## PROBLEM STATEMENT
Could you find every line in the entries below that holds the word "Crystal" and copy it?
[Start of section]
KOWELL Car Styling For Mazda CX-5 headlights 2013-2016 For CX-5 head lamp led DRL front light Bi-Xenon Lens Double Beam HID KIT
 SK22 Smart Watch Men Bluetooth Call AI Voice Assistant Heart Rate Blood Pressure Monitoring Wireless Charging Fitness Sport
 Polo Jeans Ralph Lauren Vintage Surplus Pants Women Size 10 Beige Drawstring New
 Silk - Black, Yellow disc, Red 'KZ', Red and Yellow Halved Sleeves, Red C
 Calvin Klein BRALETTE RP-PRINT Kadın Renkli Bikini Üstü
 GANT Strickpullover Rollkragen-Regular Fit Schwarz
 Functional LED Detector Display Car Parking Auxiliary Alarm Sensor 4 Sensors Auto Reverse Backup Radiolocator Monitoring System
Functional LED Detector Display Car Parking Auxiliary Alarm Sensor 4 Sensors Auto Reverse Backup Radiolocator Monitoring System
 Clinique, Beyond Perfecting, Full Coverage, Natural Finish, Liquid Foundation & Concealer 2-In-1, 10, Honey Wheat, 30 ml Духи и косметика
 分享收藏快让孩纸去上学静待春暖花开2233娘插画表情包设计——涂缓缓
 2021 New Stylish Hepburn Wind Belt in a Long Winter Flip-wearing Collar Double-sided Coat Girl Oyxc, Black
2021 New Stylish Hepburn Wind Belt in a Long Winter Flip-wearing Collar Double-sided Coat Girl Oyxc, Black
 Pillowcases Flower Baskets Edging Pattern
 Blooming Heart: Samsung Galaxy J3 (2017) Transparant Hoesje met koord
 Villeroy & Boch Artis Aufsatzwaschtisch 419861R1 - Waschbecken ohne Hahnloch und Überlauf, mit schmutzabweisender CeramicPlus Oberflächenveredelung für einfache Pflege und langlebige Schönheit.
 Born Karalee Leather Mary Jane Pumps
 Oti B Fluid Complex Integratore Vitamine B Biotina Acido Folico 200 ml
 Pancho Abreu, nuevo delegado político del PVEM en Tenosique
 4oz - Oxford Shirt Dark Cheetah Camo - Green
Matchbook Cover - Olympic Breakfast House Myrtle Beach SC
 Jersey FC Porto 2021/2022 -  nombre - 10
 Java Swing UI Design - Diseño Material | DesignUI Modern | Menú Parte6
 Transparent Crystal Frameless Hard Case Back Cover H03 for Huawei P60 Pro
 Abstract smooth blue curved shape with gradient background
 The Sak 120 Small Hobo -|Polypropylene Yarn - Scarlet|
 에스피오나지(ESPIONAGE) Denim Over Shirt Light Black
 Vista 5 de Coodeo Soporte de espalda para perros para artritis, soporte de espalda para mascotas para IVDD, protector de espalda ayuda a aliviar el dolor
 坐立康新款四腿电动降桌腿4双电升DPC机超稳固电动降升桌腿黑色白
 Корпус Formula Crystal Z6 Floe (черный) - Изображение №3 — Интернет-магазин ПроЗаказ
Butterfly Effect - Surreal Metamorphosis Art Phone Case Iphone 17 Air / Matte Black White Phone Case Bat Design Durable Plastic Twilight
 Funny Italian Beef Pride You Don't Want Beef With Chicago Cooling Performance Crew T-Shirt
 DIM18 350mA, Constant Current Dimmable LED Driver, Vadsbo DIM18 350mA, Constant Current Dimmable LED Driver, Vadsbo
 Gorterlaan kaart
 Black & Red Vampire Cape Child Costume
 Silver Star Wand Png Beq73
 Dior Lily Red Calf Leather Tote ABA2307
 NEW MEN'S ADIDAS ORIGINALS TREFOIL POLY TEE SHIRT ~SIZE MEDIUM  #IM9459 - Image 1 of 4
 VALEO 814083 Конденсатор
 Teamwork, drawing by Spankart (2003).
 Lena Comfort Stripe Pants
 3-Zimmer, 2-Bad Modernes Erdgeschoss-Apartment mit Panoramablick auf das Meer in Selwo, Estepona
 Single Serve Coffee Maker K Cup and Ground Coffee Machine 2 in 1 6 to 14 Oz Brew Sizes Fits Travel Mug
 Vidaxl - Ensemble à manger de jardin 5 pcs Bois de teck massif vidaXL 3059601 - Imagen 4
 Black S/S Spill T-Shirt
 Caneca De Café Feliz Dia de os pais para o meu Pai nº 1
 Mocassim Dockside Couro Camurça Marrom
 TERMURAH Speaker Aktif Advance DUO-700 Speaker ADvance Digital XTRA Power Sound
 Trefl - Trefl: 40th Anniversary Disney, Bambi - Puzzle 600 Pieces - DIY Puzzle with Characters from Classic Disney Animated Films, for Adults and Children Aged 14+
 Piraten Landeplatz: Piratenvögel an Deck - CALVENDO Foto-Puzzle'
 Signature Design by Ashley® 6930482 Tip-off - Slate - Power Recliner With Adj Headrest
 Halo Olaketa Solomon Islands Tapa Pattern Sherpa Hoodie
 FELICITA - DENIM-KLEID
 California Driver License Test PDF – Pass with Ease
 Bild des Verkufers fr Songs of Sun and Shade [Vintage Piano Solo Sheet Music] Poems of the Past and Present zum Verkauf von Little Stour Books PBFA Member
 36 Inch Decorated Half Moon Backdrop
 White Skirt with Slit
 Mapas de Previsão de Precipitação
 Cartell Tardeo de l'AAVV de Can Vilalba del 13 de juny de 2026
[End of section]
## SOLUTION TO THIS TASK
 Transparent Crystal Frameless Hard Case Back Cover H03 for Huawei P60 Pro
 Корпус Formula Crystal Z6 Floe (черный) - Изображение №3 — Интернет-магазин ПроЗаказ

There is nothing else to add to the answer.